TASK DESCRIPTION –
Could you please retype exactly the lines from the start of the records below through the line that contains "Audi A6 (C8) id 3518034 из Кореи 14", both included, and leave out the pictures?

[Captioned web images]
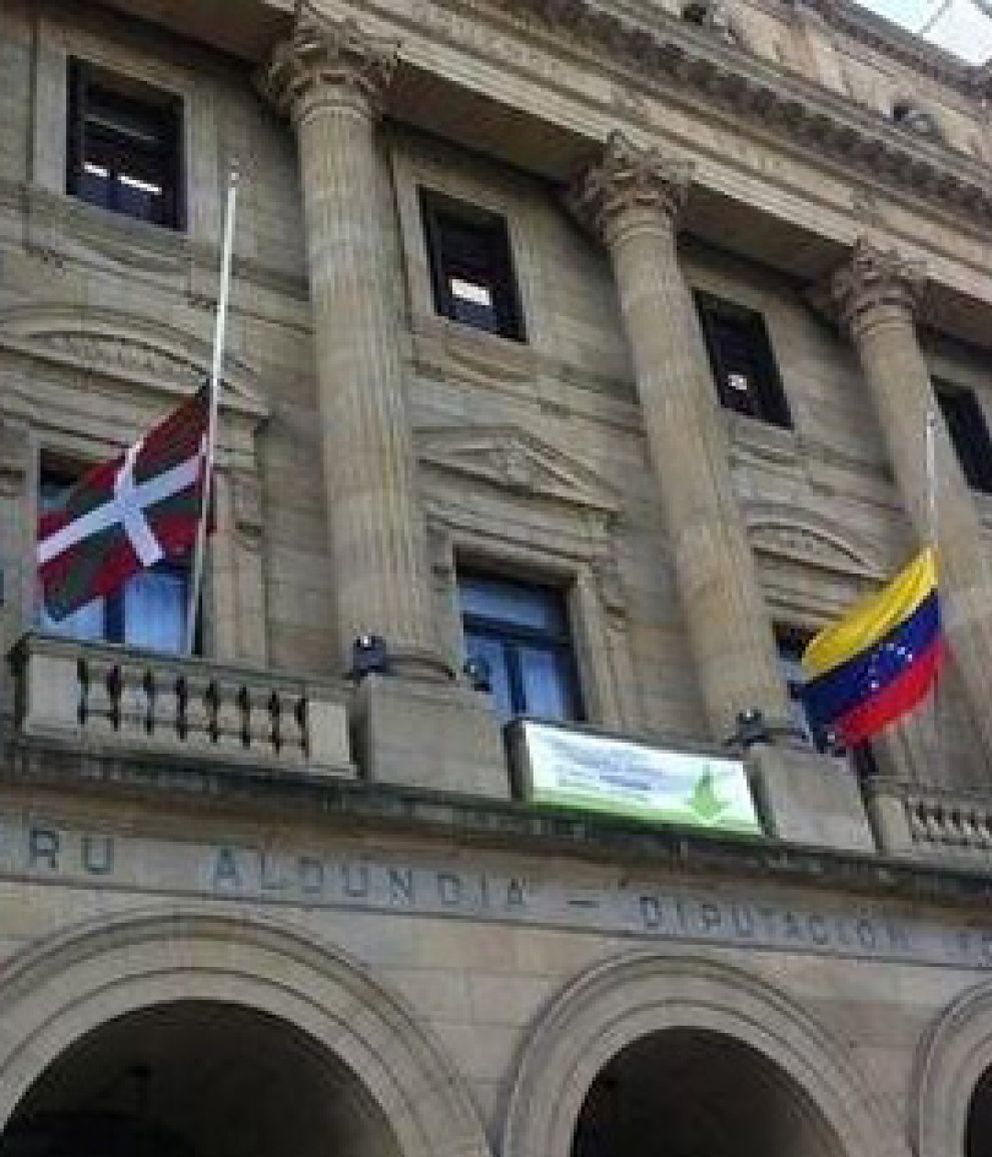 Foto: Bildu coloca una bandera venezolana a media asta en la Diputación de Guipúzcoa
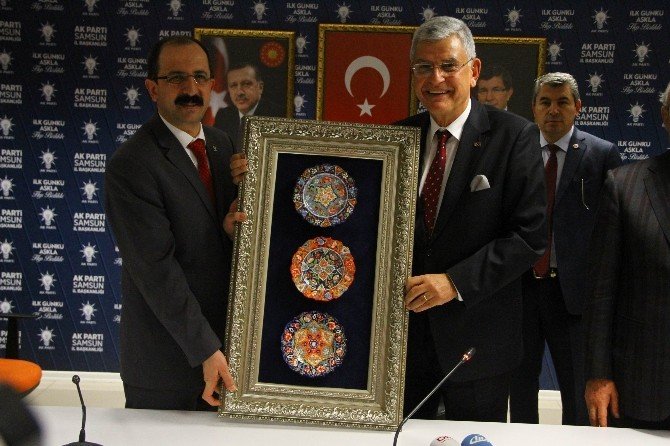 Bakan Bozkır: “Türkiye Cumhuriyet Tarihinin En Güçlü Noktasına Ulaştı”
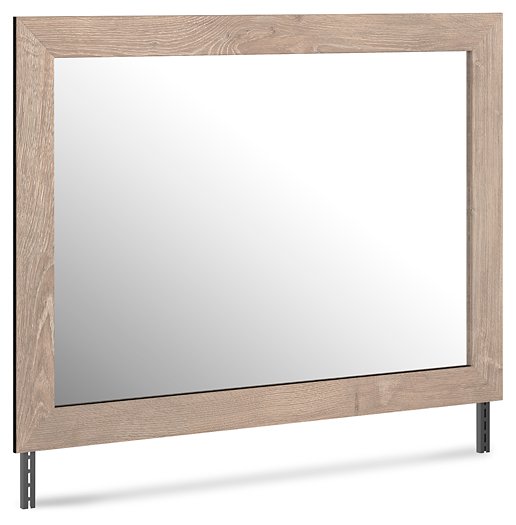 Senniberg Dresser and Mirror - Affordable Home Luxury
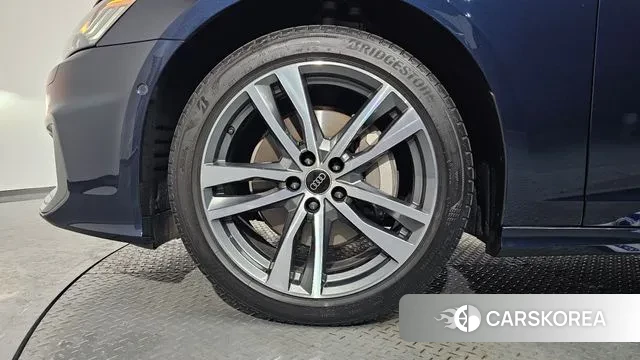 Audi A6 (C8) id 3518034 из Кореи 14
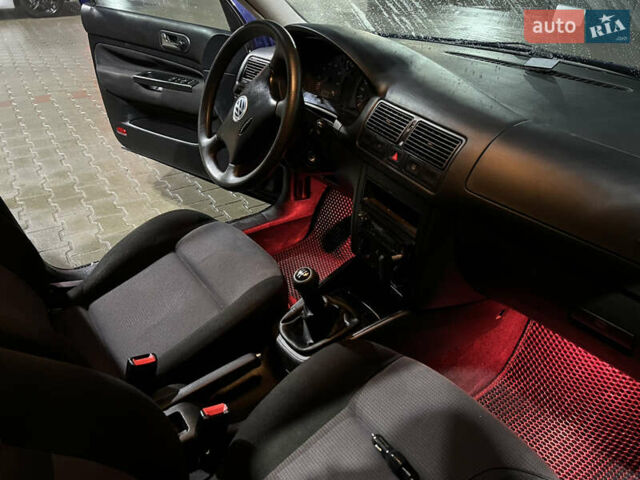 Синій Фольксваген Гольф, об'ємом двигуна 1.39 л та пробігом 169 тис. км за 4000 $, фото 79 на Automoto.ua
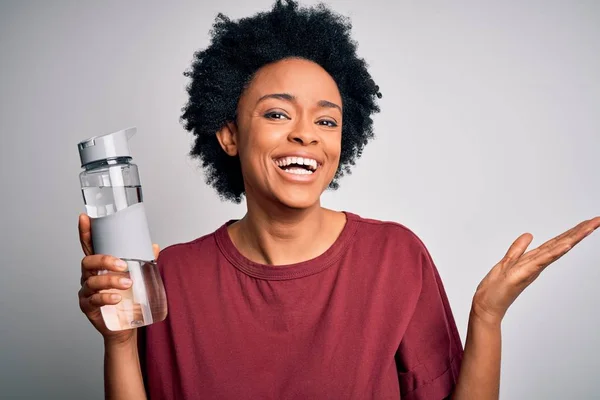 Młoda Afroamerykanka Afro Kobieta Kręconymi Włosami Pije Butelkę Wody Dla — Zdjęcie stockowe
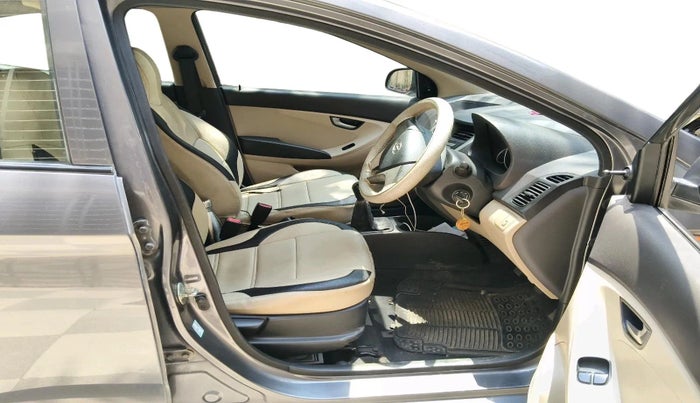 2017 Hyundai Eon SPORTZ, Petrol, Manual, 49,403 km, interior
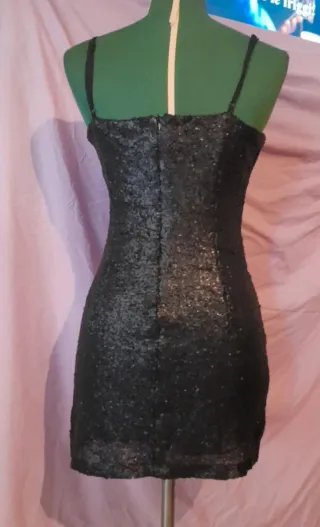 Abito nero con paillettes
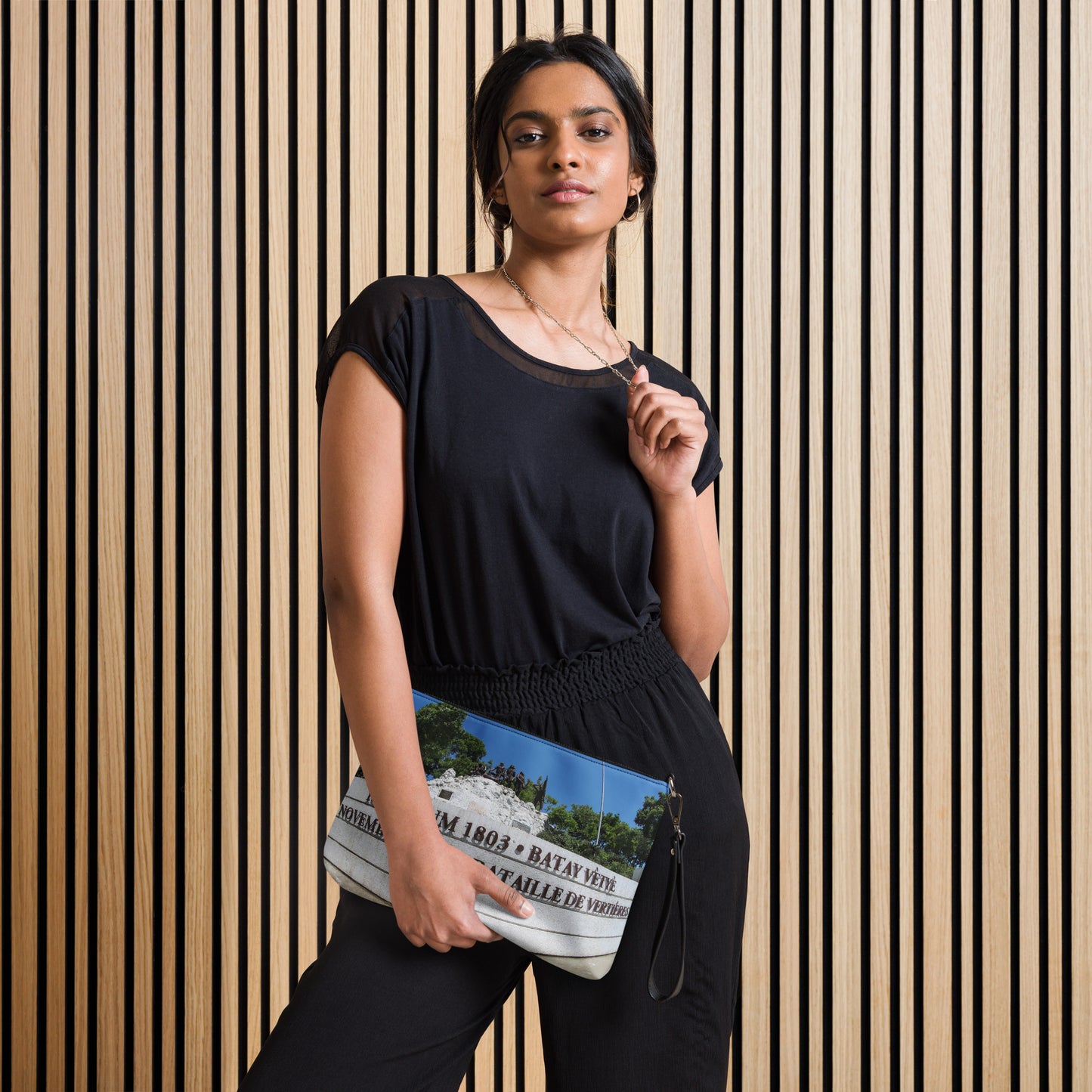 crossbody-crossbodybag-Monument to the heroes of the Battle of Vertières-historical monument-théo gallery expo-théo photography haiti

TASK ANSWER –
 Foto: Bildu coloca una bandera venezolana a media asta en la Diputación de Guipúzcoa
 Bakan Bozkır: “Türkiye Cumhuriyet Tarihinin En Güçlü Noktasına Ulaştı”
 Senniberg Dresser and Mirror - Affordable Home Luxury
 Audi A6 (C8) id 3518034 из Кореи 14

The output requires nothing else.